CSE341 Notes for Monday, 1/22/07

I spent some time discussing the concept of tail recursion . I said to consider a simple counting function:

        fun f1(n) =
            if n = 0 then 0
            else 2 + f1(n - 1);

This is a silly function to write because it just computes 2 * n, but it will allow us to perform an experiment. I then asked people to think about how we might write something like this with a loop. Someone said that we'd use some kind of counter, so it might look like this:

        int count = 0;
        for (int i = 0; i < n; i++)
            count += 2;

Several times I've tried to make the point that you can turn this kind of loop code into a functional equivalent. If it was useful for the loop to have an extra variable for storing the current count, then we can do the same thing with a helper function. We can have a 2-argument function that keeps track of the current count in addition to the value of n. Using that idea, I wrote the following variation of f1:

        fun f2(n) =
            let fun helper(n, count) =
                    if n = 0 then count
                    else helper(n - 1, count + 2)
            in helper(n, 0)
            end;

They both compute 2 * n in a similar manner, but they have very different behavior in the interpreter.

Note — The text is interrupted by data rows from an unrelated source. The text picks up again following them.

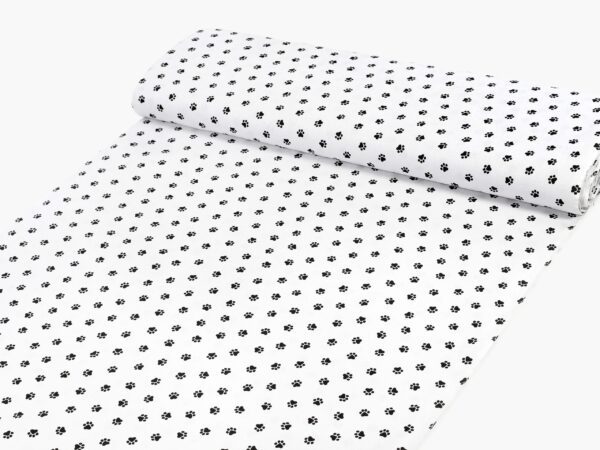 Bavlněná látka černé tlapky metráž značky Škodák.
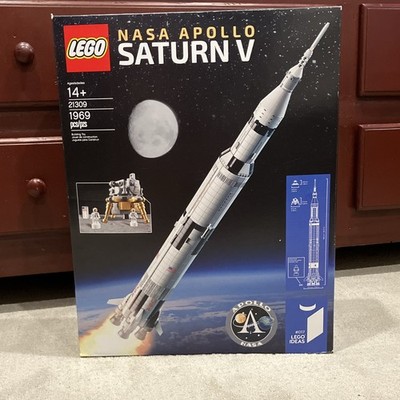 LEGO Ideas NASA Apollo Saturn V 21309 Complete Set 1969 Pieces 14+ Box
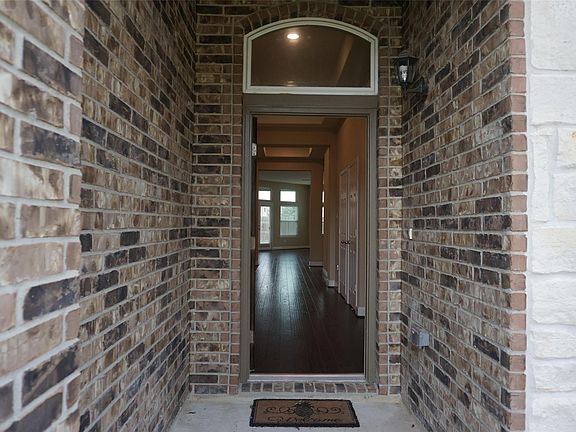 3rd image of 1235 Posey Ridge Ln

The f1 function ran noticeably slower than f2, especially when we used very large input values like f1(5000000) vs f2(5000000). Why would that be? Think about what happens when we compute f1(5):

        f1(5) =
        2 + f1(4) =
        2 + 2 + f1(3) =
        2 + 2 + 2 + f1(2) =
        2 + 2 + 2 + 2 + f1(1) =
        2 + 2 + 2 + 2 + 2 + f1(0) =
        2 + 2 + 2 + 2 + 2 + 0 = 10

Notice how the computation expands as we make recursive calls. After we reach the base case, we'll have a lot of computing left to do on the way back out. But notice the pattern for f2:

        f2(5) =
        helper(5, 0) =
        helper(4, 2) =
        helper(3, 4) =
        helper(2, 6) =
        helper(1, 8) =
        helper(0, 10) = 10

There is no expansion to the computation. The key thing to notice is that once we reach the base case, we have the overall answer. There is no computation left as we come back out of the recursive calls. This is a classic example of tail recursion. By definition, a tail recursive function is one that performs no additional computation after the base case is reached.

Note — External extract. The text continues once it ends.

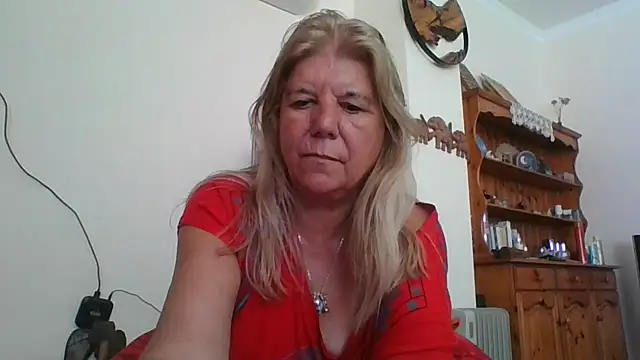 TrustfulVampire1 online show from May 5, 9:56 am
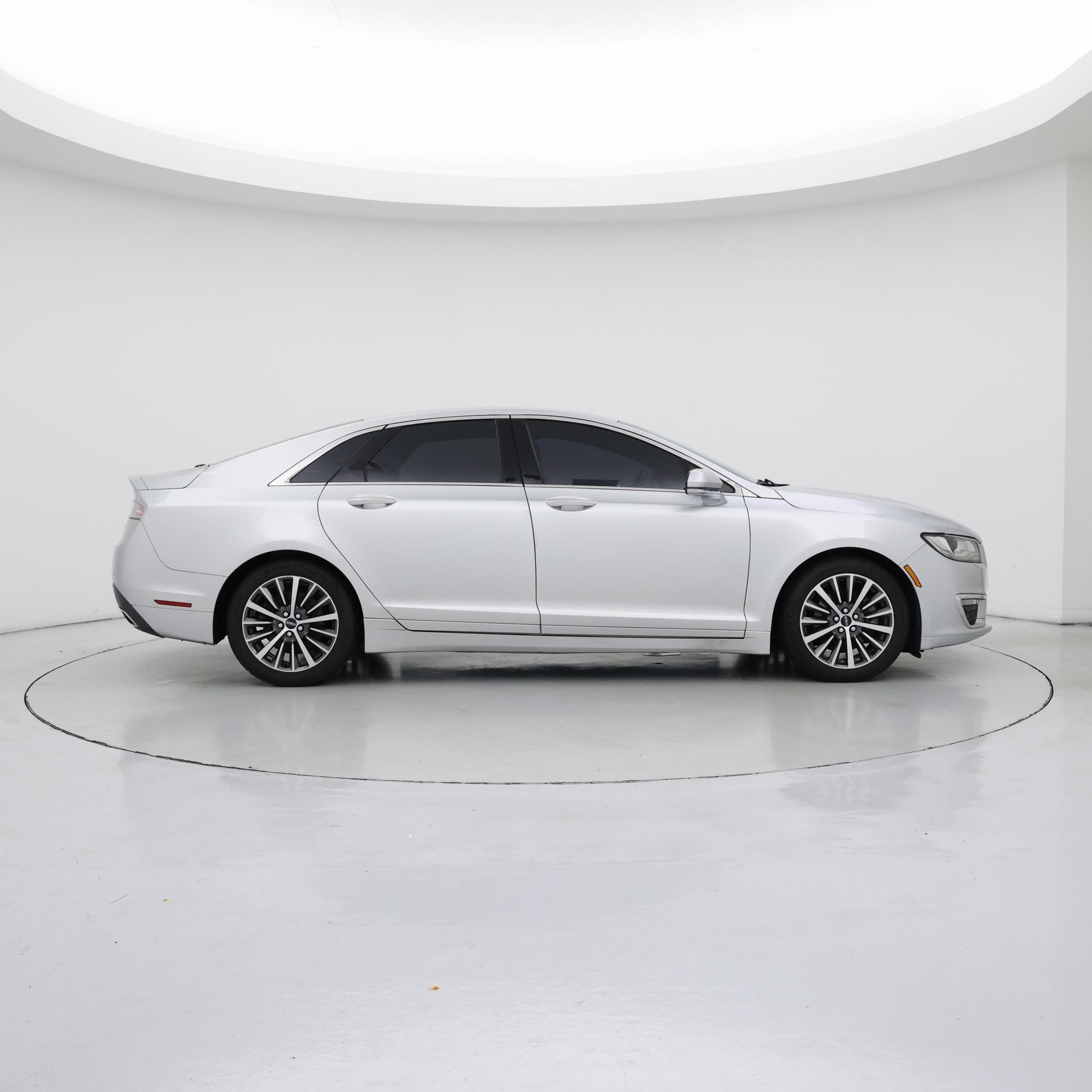 Thumbnail: 2017 Lincoln MKZ - 7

It is well known that tail recursive functions are easily written as a loop. Someone pointed out that Scheme requires that this kind of conversion be done to speed up such computations. ML is obviously doing something similar to optimize the tail recursive call.

I also mentioned that the versions of map, filter and reduce that I've shown and that appear in the Ullman book are not tail-recursive. I sure that the standard operators like List.map, List.filter, List.foldl and List.foldr are written in a tail-recursive manner to make them more efficient.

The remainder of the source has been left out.